White House weighs overtime rule changes
The White House has some big decisions to make before signing off on the Labor Department’s widely contested rule to expand overtime pay, one of the biggest regulatory initiatives of President Obama’s second term.
Industry and nonprofit groups are pushing back against several aspects of the rule, including the proposed salary maximum for earning overtime pay, the annual adjustment rate for overtime wages and the deadline for businesses to comply.
{mosads}The proposed rule from the administration would make it so that anyone earning up to $50,440 per year would be eligible for overtime. The cutoff is now set at $23,660 per year, meaning the rule would more than double the threshold.
Groups have flocked to the White House Office of Information and Regulatory Affairs (OIRA) to ask for last-minute changes to the rule, which was submitted for final review on March 14. The White House office held 22 meetings on the proposal in April, according to its calendar, and groups say more meetings are planned this week.
Lisa Horn, a spokeswoman for the Partnership to Protect Workplace Opportunity, which met with OIRA on April 22, said the overtime rule would force employers to raise salaries above the proposed $50,440 a year to avoid the additional costs of overtime. She said businesses might also seek to avoid the costs by reclassifying workers from salaried to hourly.

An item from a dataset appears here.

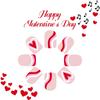 24 Pcs Valentines Day Press On Nail Short Square Festival False Nail Heart Stick on Nail French Tip Acrylic Nail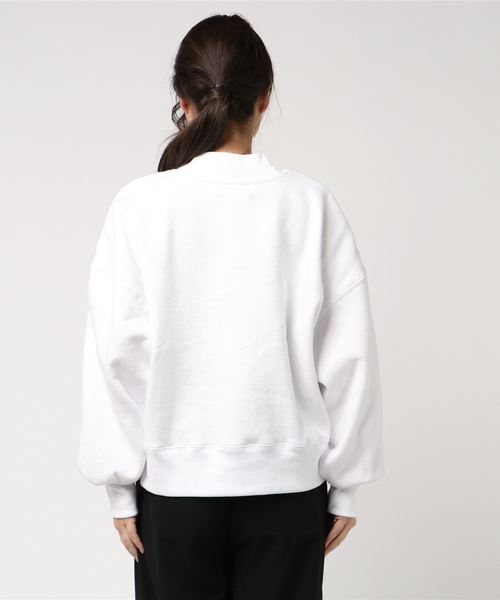 WEGO（ウィゴー）の「WEGO VINTAGE/ヘビーウェイトモックネッククロップドスウェット（スウェット・レディース・オフホワイト/グリーン/杢グレー/ライトパープル/ライトベージュ・FREE）」の7枚目の写真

Switching a salaried worker to an hourly employee is a demotion, said Horn, who serves as director of congressional affairs for the Society for Human Resource Management (SHRM). The employee would have to start punching a time clock, cut back on networking events after hours and give up their company smartphone to keep them from checking emails when at home.
“The fact that the overtime threshold is a 113 percent increase is too much too fast,” Horn said. “The agency is moving to the 40th percentile of earnings for all full-time salaried workers when recent increases have only been in the 10th percentile.”
Groups, including the SHRM, have asked the administration to give businesses and nonprofits upward of a year to comply with the rule.
“The proposal suggests a 60-day threshold date,” Horn said. “We’ve all said that’s unworkable. We need some more time to get this implemented.”
Meanwhile, nonprofits that rely largely on donations say they are already looking at which services to cut.
“The reality of the proposed rule is that it will immediately increase our cost of responding to disasters, which will likely mean less money to spend on services to people in need,” the American Red Cross said in a statement.
Citing anonymous sources close to the deliberations, PoliticoPro reported last week the administration is poised to lower the salary threshold in the rule from $50,000 a year to $47,000 for salaried workers.
But even if the threshold were lowered by $3,000, businesses say that’s not nearly enough.
“It’s a reduction that’s big enough to allow the White House to say, ‘Hey we listened to employers,’ but it’s too small to make any difference at all.” said Tammy McCutchen, who worked as an administrator in the Labor Department’s Wage and Hour Division during the last major overhaul of the overtime regulations, in 2004.
“What we have to remember is the Fair Labor Standards Act has to apply in every major city and small town in America.”
Jason Surbey, a spokesman for the Labor Department, would not comment on the reported change.
“Due to where we are in the rule-making process, I can’t comment on that at this time,” he said.
McCutchen, who now works as a labor attorney in Littler Mendelson’s D.C. office, helped the U.S. Chamber of Commerce draft its comments to Labor in opposition to the rule.
Given the number of legislative days left in this session of Congress, McCutchen is expecting the agency to release the final rule by May 16 to avoid it being overturned by the Congressional Review Act (CRA) under the next president.
Under the CRA, lawmakers have 60 legislative days to pass a resolution overturning a regulation from the administration. If lawmakers are not in session for 60 days before adjourning their final session, the clock resets, and the new Congress is given another 60 days to act.
Because the president must sign a CRA resolution, Republicans could be able to use the CRA successfully if their party wins the White House.
“When you are in a political leadership role in an agency, you don’t assume you are going to win an election,” McCutchen said. “You get everything done so it can’t be reversed.”
The Labor Department received more than 270,000 comments on the rule, and while many were from businesses bemoaning the rule’s possible ramifications, other comments strongly endorsed the move.
Sen. Elizabeth Warren (D-Mass.) asked White House officials this week to focus on the multitude of comments from workers in support of the rule.
In a report she released Monday, Warren quoted workers like Chris R. from Millsboro, Del., who said the ability to earn overtime would help him pay his bills on time or get a second job; and Diane R. from Miami Beach, Fla., who said hospital staff would get paid for the 60 hours they work a week.
“It’s time for us all to listen to those voices,” Warren said in a letter to the White House.
The Economic Policy Institute said the rule would restore a protection that has been missing for some time.
“It’s a very, very simple rule to implement,” said Ross Eisenbrey, vice president of the D.C. think tank. “All it requires is looking at your workforce and seeing how you’re paying overtime. It’s something an automated payroll processing system could do in five minutes or a human resource manager could do in a couple hours.”